Regulação internacional e o papel do Brasil

Diversos países da União Europeia já aprovaram ou estão debatendo leis específicas para regulação da IA no trabalho, com destaque para o AI Act, da União Europeia, que impõe níveis de risco e obrigações para empresas que usam algoritmos em processos decisórios.
No Brasil, o Projeto de Lei nº 2.338/2023, que estabelece o Marco Legal da Inteligência Artificial, está em tramitação no Senado, mas ainda não enfrenta com profundidade os impactos trabalhistas da automação.

“Se o Brasil não se antecipa, corre o risco de enfrentar uma judicialização massiva sobre decisões automatizadas, demissões injustificadas por algoritmos, e uma nova forma de assédio moral digital, em que metas inalcançáveis são impostas por sistemas cibernéticos”, alerta Gallucci.

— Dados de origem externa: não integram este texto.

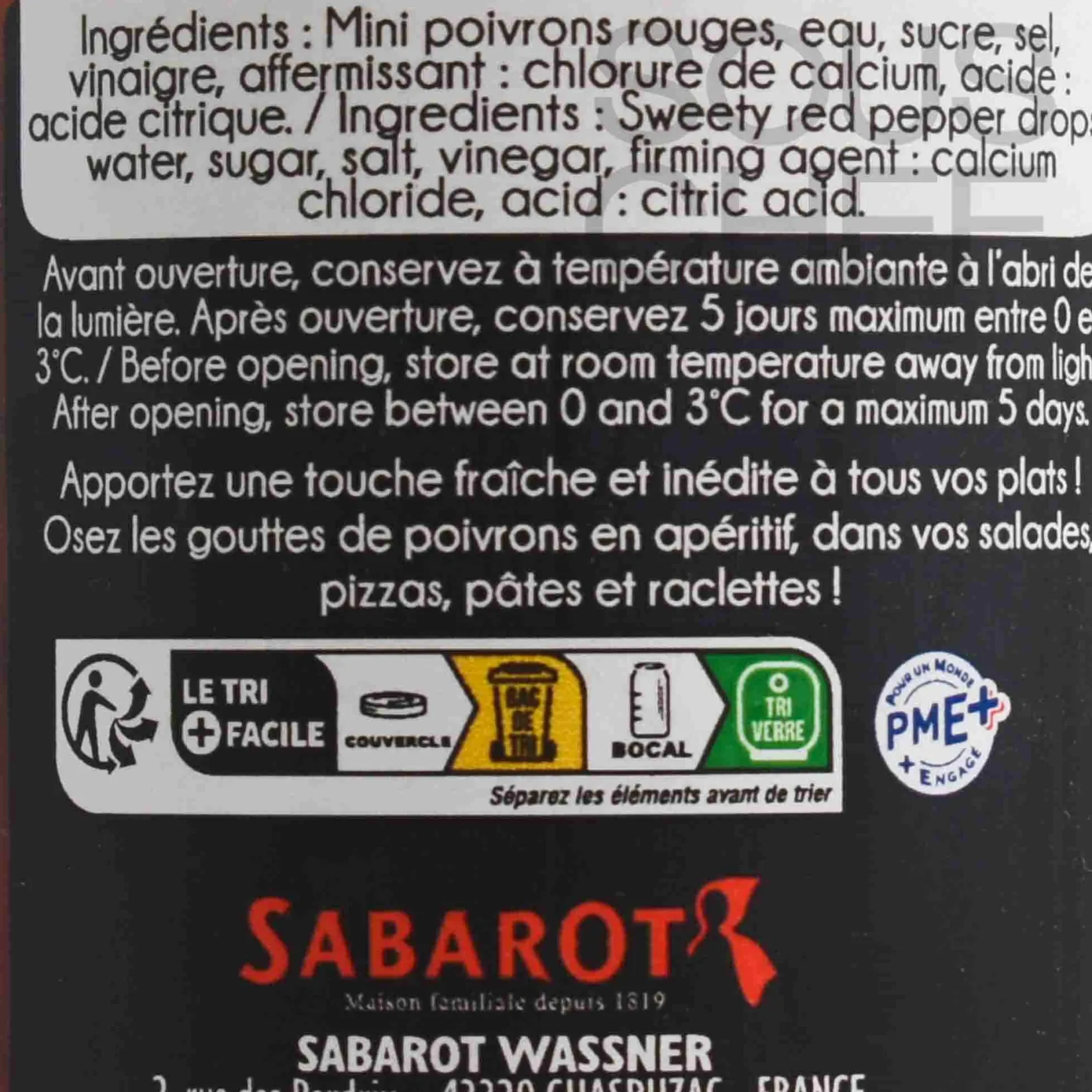 Sabarot Ingredients Brands|Vegetables^Red Pepper Drops, 22.8cl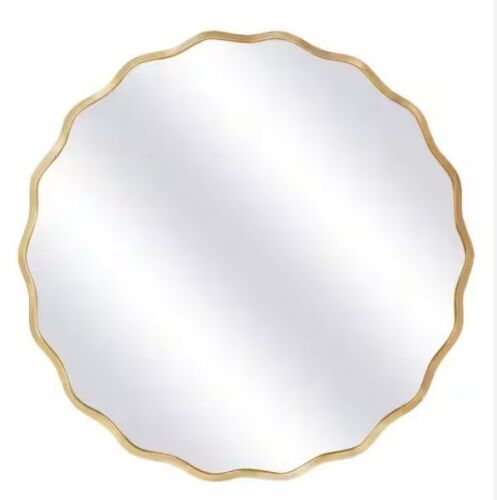 Hochwertiges 23.5 in. Round Gold Aluminum Alloy Framed Scalloped Wavy Wall Mirror - Lot 738JF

Enquanto o mundo avança na automação, o Direito do Trabalho brasileiro é chamado a encontrar respostas urgentes para não apenas proteger o trabalhador, mas também fornecer segurança jurídica às empresas que desejam inovar sem incorrer em litígios. “Não se trata de romantizar o passado, mas de compreender que o progresso tecnológico deve ser humanizado. A inteligência artificial deve servir ao trabalho, e não substituir a dignidade do trabalhador”, finaliza Bruno Gallucci.